She starts to cry. “There you hurt me. You accomplished what you wanted.” That is not what I wanted. That is the opposite of what I wanted.
My mom tells me “Taylor, you need to make a choice. You can choose God or you can choose this.” She spits out the word "this" as if its poisonous and will cause an imminent and painful death. I’ve had enough. I can’t take the ultimatums, the untrue statements and the revulsion they show for me, their son. I go to my basement, get the luggage I got for graduation and pack just about everything I own. I write a note to my little sister filling her in on why I need to do what I’m about to do. I text Bond (from the smuggled phone) and tell him to come pick me up because I’m leaving. After I get everything packed up my parents realize that I am serious. I am leaving their house, their protection and their supervision for an undetermined amount of time. My mother breaks down. I have never seen her like this. The woman who gave birth to me, raised me, taught me to love tennis and volleyball, drove my ass to every single volleyball practice and tournament no matter the distance and my oldest friend is reduced to a shaking mass of tears and increasingly audible sobs. My heart breaks knowing that I am doing this to my mother. I need to leave though. I cannot stay.

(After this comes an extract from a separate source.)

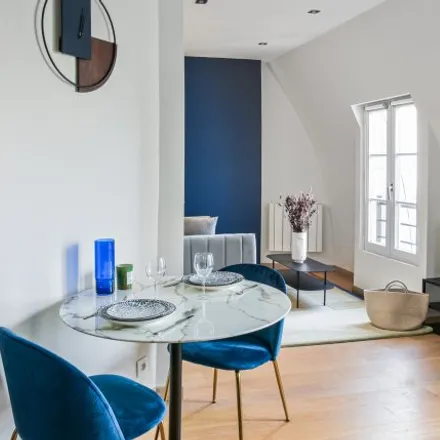Rent this 1 bed apartment on Paris 17e Arrondissement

Bond arrives and I get my bags and prepare to leave when my dad hugs me and tells me “The door is always open, Taylor. You are always welcome in this house.”

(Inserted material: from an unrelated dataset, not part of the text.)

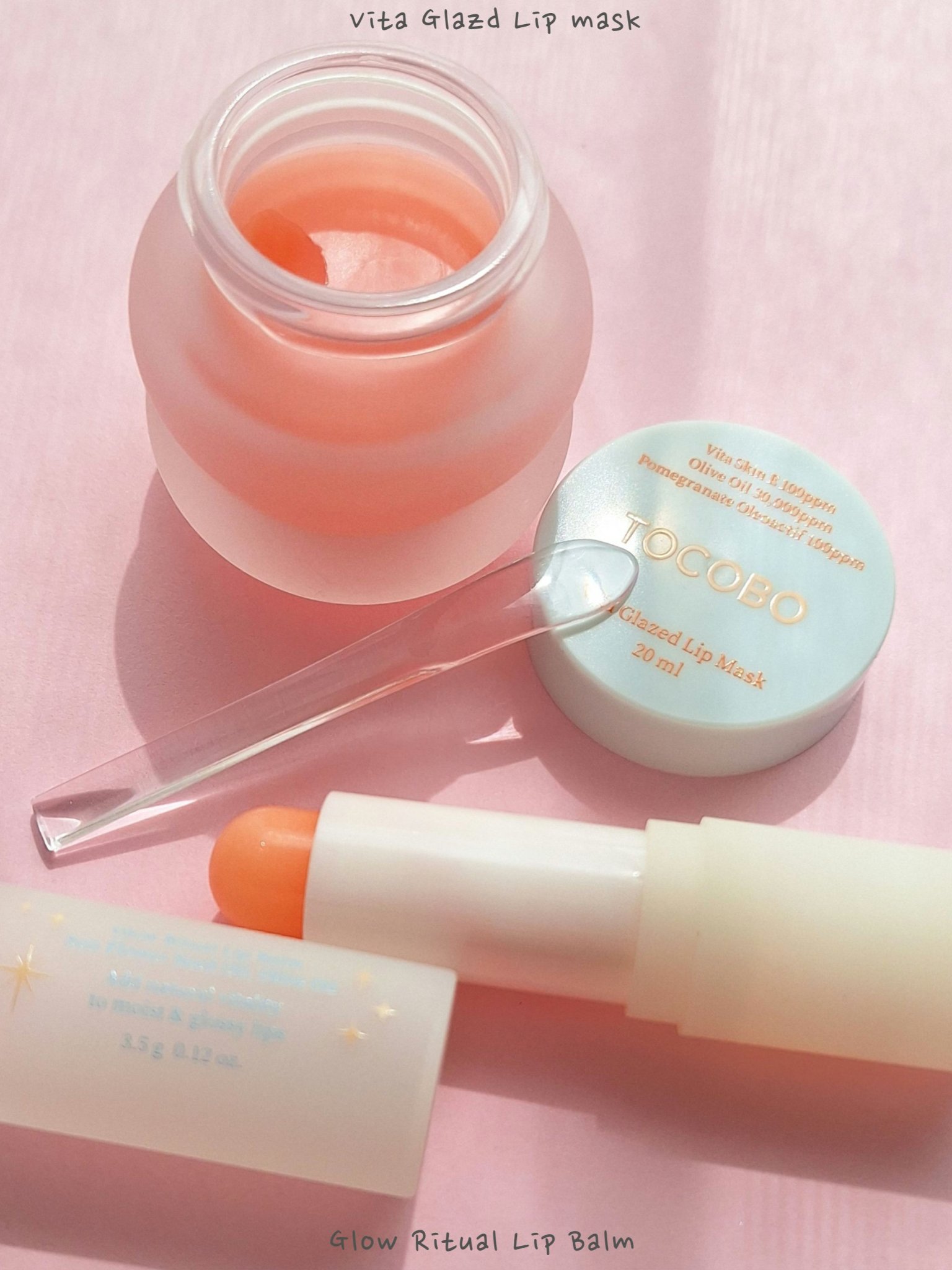 ビタグレーズドリップマスク/TOCOBO/リップマスクを使ったクチコミ（1枚目）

I reply “I know but I need to leave.”
My mom can do nothing but wail. She tells me repeatedly that she loves me. “Why are you doing this?” she begs. “Why are you doing this?”
I leave.
“What the fuck did I just do?” was all I could think of. I get to Bond, load my bags into his car and break down in his arms. I’m sobbing and I can’t get anything out. He, my parents and my older sister are the only ones who have seen me in this state. I sit there in his arms for a while and simply sob. His arms bring me comfort despite the grief I am feeling about the heartbreak I am causing my family. Comfort only he can provide me. I want to tell him everything that went on but I can’t. It hurts too much. He drives me to where I spend the next 2 months. Thank God I have someplace to go.
That night in a foreign bed, in a foreign room I am hit with another wave of “What the fuck did I just do?” My only solace comes in knowing that I have Bond. I know he’s not going anywhere. I know that he loves me. I know that he supports me.

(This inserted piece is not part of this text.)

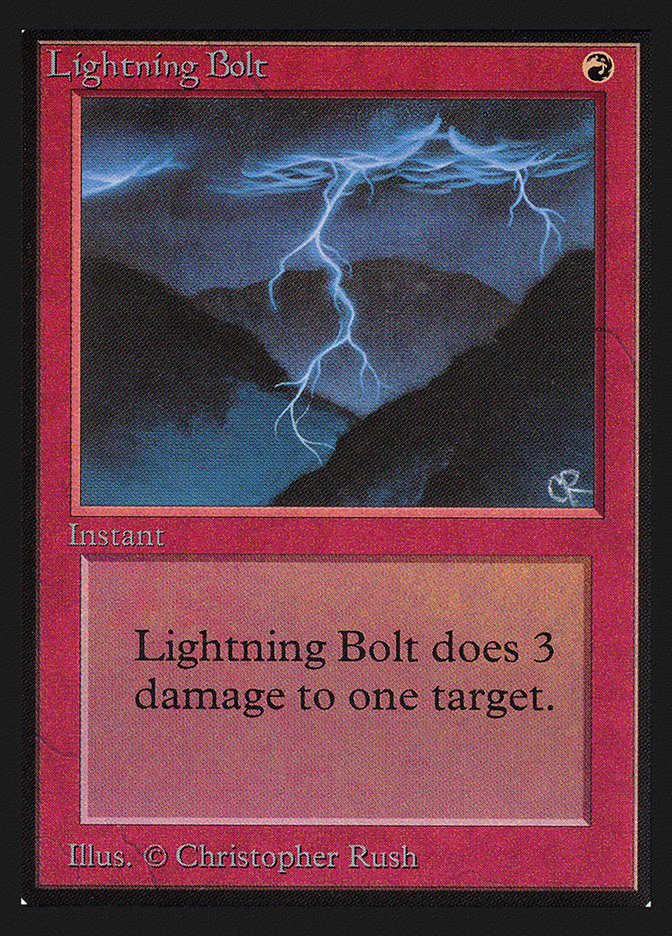 Lightning Bolt [Collectors’ Edition] | Gamer Loot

On August 20, 2008 I lost that love and support completely. Two and a half short months later I am still mourning that loss. Bond has moved on with his life, gotten a new boyfriend, and is happy from what I can tell. Why was it so easy for him to move on? Why can’t I do the same? I shared the most private, sacred and personal parts of me with him and I don’t regret that for a minute, but it is hard to accept that someone else now occupies that part of his life. My occupancy in that part of his life was something that I respected, cherished and held most sacred, but now there is someone else there. I know millions of other people have had to deal with this but that doesn't make it any easier for me.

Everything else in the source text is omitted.